▶ [TASK REQUIREMENTS]: Your task is to copy the records that follow exactly, minus any images.

[Short descriptive text snippets]
○ ○ ○
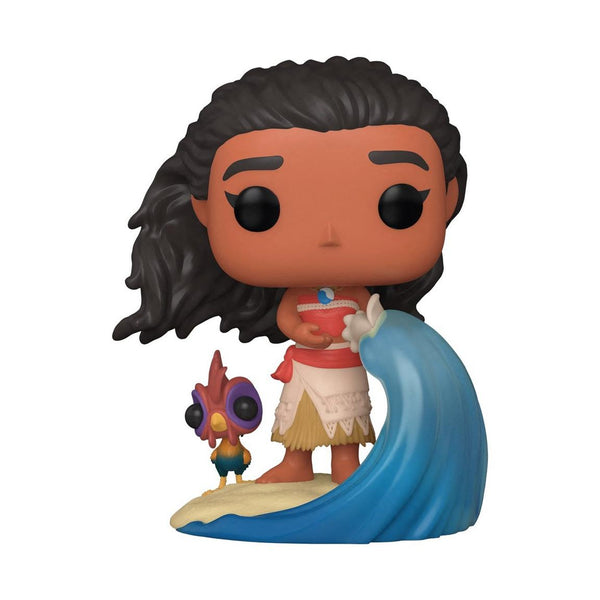 DISNEY: ULTIMATE PRINCESS - MOANA POP!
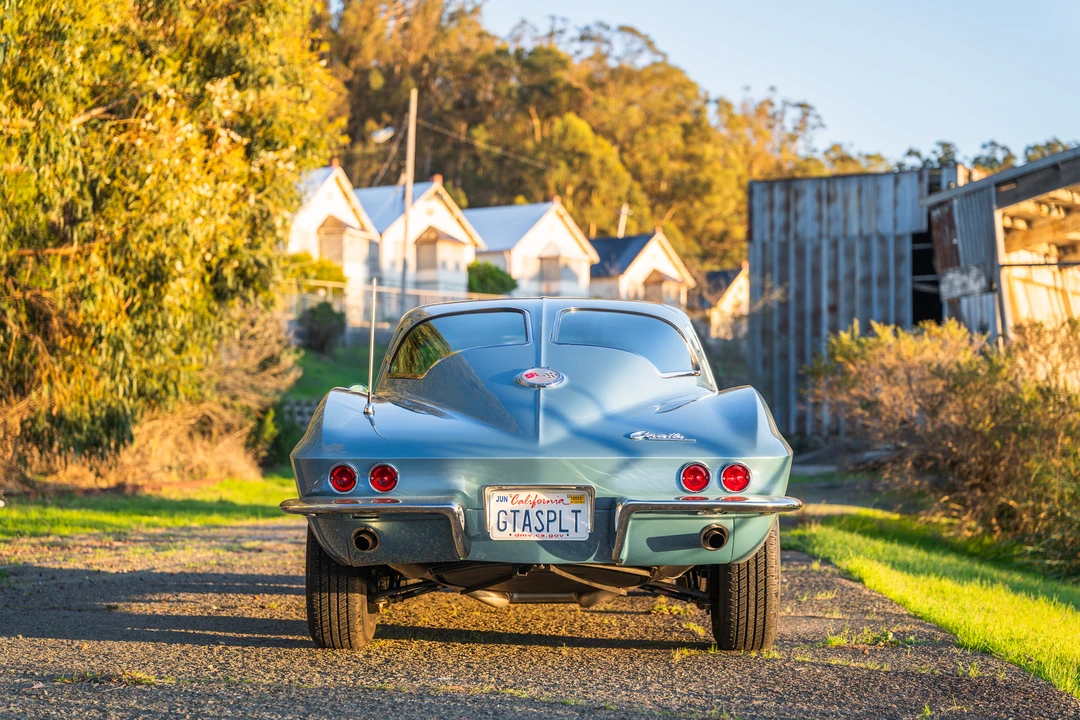 1963 Chevrolet Corvette C2 - Image 12 of 31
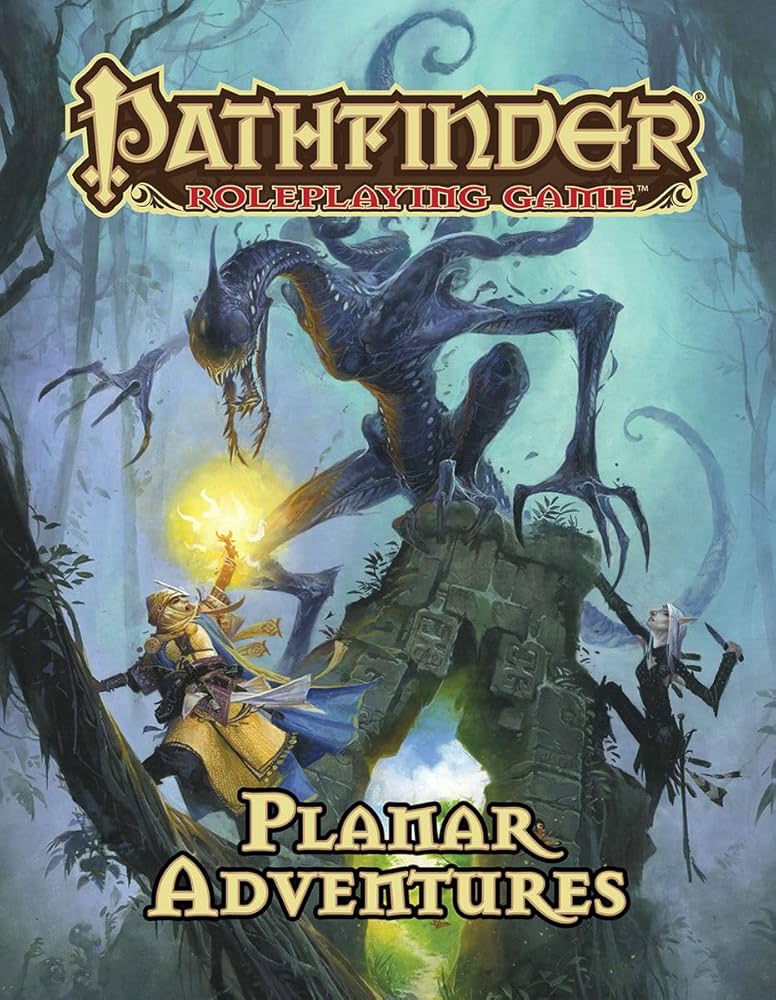 Pathfinder RPG: Planar Adventures (USED)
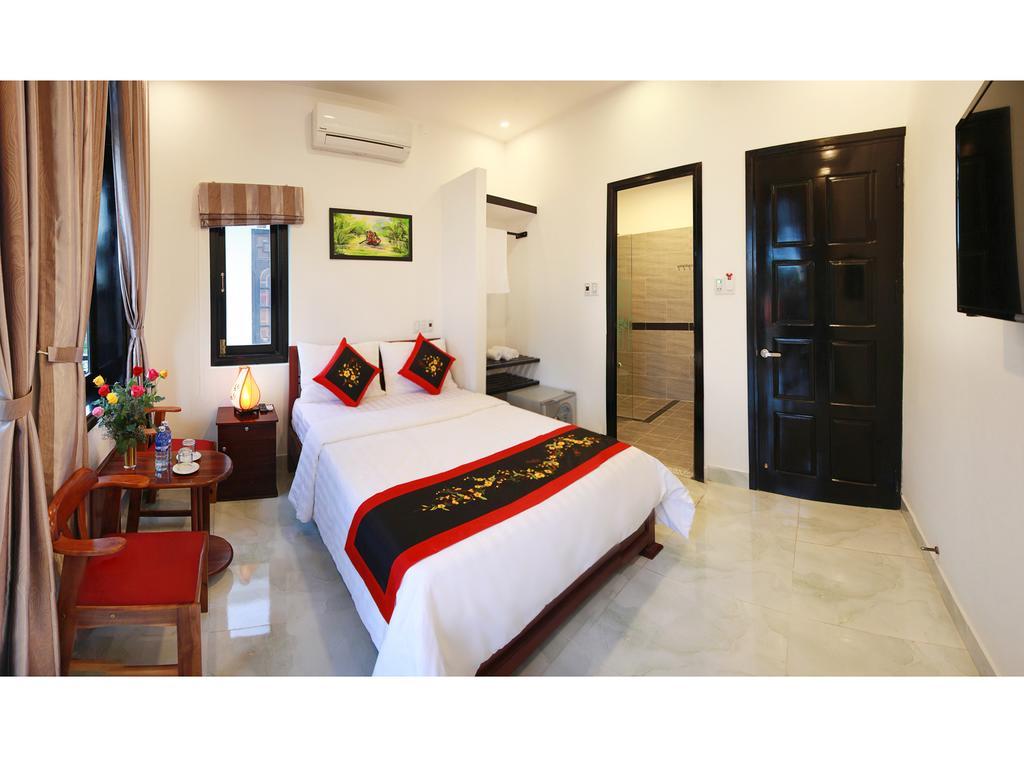 Sunny Garden Homestay Hoi An Esterno foto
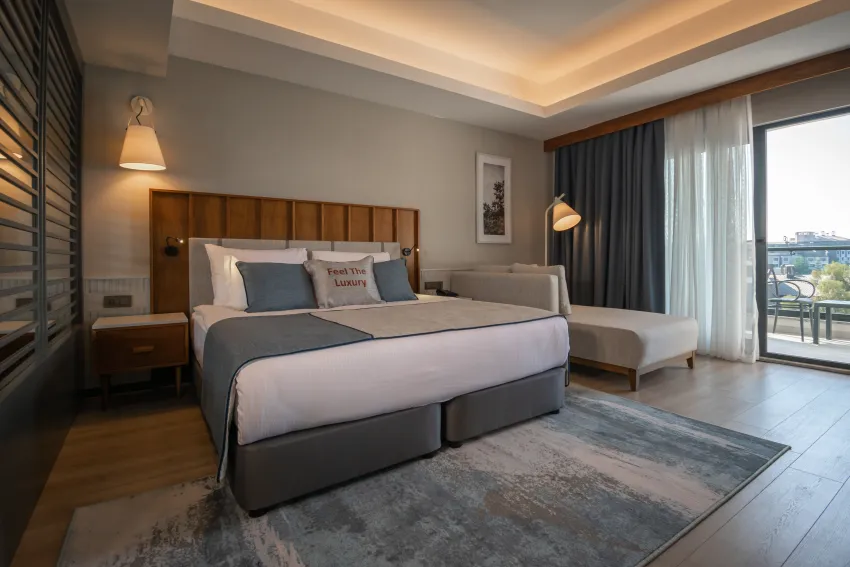 Seaden Quality Resort & Spa 5*-30
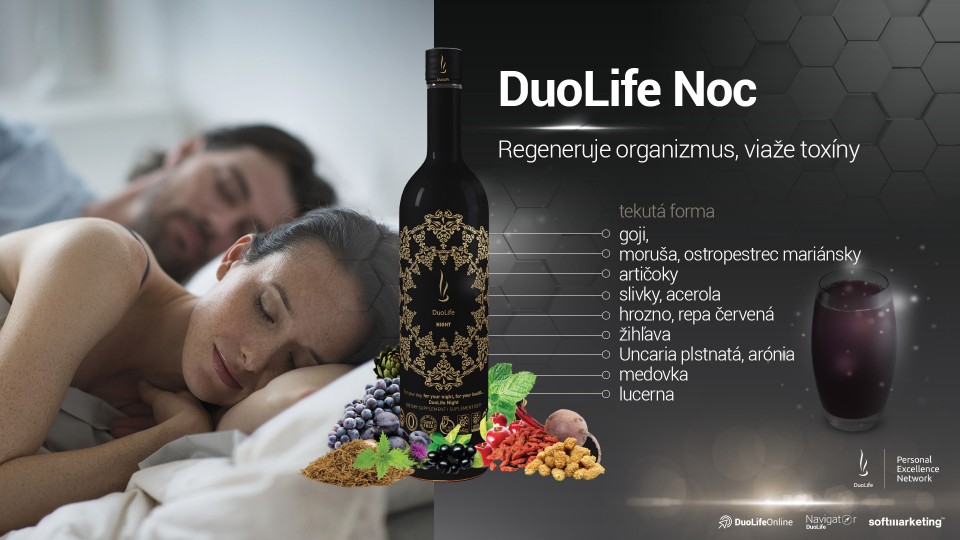 DuoLife Noc popis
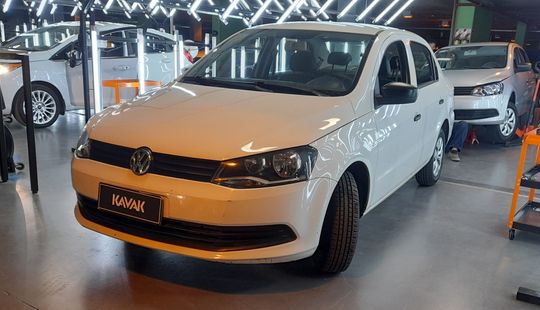 Volkswagen Voyage 1.6 TRENDLINE-2016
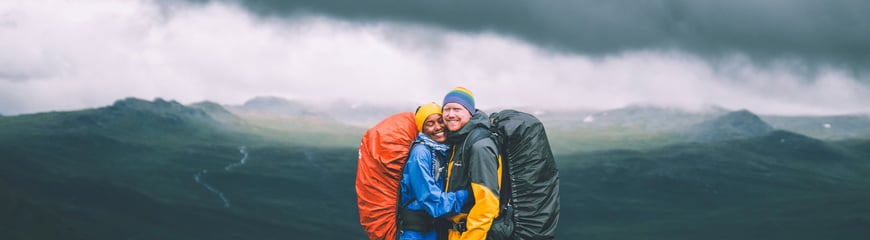 Skarvheimen mellom Geiterygghytta, Kongshelleren og Iungsdalshytta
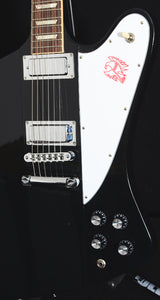 Used Gibson Firebird V Black-Brian's Guitars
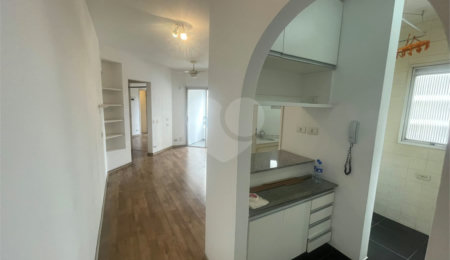 Apartamento para alugar com 1 suíte em Pinheiros, São Paulo, SP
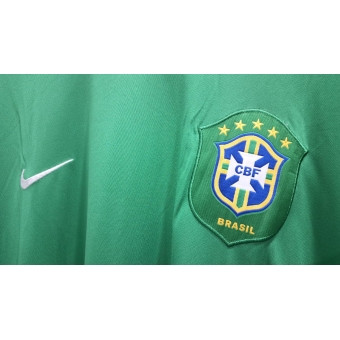 Camisa Seleção Brasil Nike 2006 Cod.188
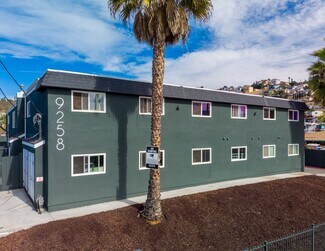 Plus de détails pour 9258 Birch St, Spring Valley, CA - Logement à vendre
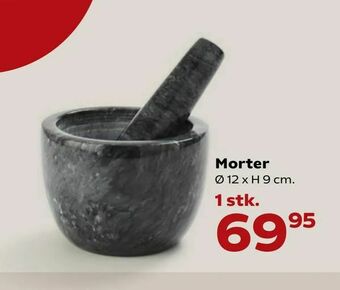 Morter
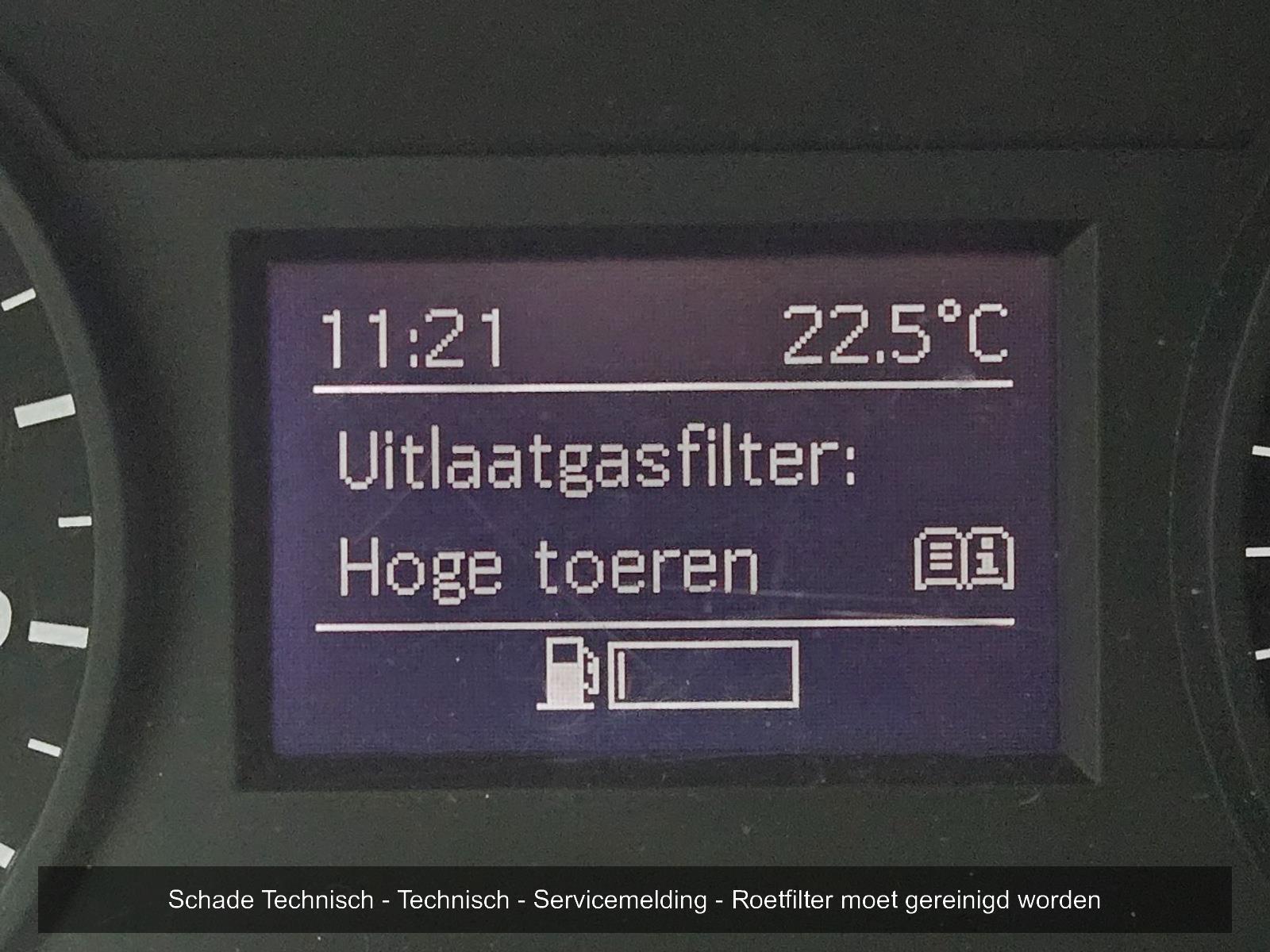 Mercedes-Benz Vito 111 CDI Extra Long DC Comfort | 2017 | 269,796 km | V419FV | NAP: Makes sense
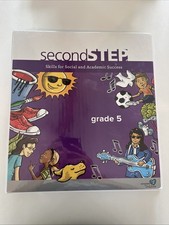 Second Step SEL Curriculum Grade 5 Teachers Guide Homeschool picture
○ ○ ○
▶ [YOUR SOLUTION]:
 DISNEY: ULTIMATE PRINCESS - MOANA POP!
 1963 Chevrolet Corvette C2 - Image 12 of 31
 Pathfinder RPG: Planar Adventures (USED)
 Sunny Garden Homestay Hoi An Esterno foto
 Seaden Quality Resort & Spa 5*-30
 DuoLife Noc popis
 Volkswagen Voyage 1.6 TRENDLINE-2016
 Skarvheimen mellom Geiterygghytta, Kongshelleren og Iungsdalshytta
 Used Gibson Firebird V Black-Brian's Guitars
 Apartamento para alugar com 1 suíte em Pinheiros, São Paulo, SP
 Camisa Seleção Brasil Nike 2006 Cod.188
 Plus de détails pour 9258 Birch St, Spring Valley, CA - Logement à vendre
 Morter
 Mercedes-Benz Vito 111 CDI Extra Long DC Comfort | 2017 | 269,796 km | V419FV | NAP: Makes sense
 Second Step SEL Curriculum Grade 5 Teachers Guide Homeschool picture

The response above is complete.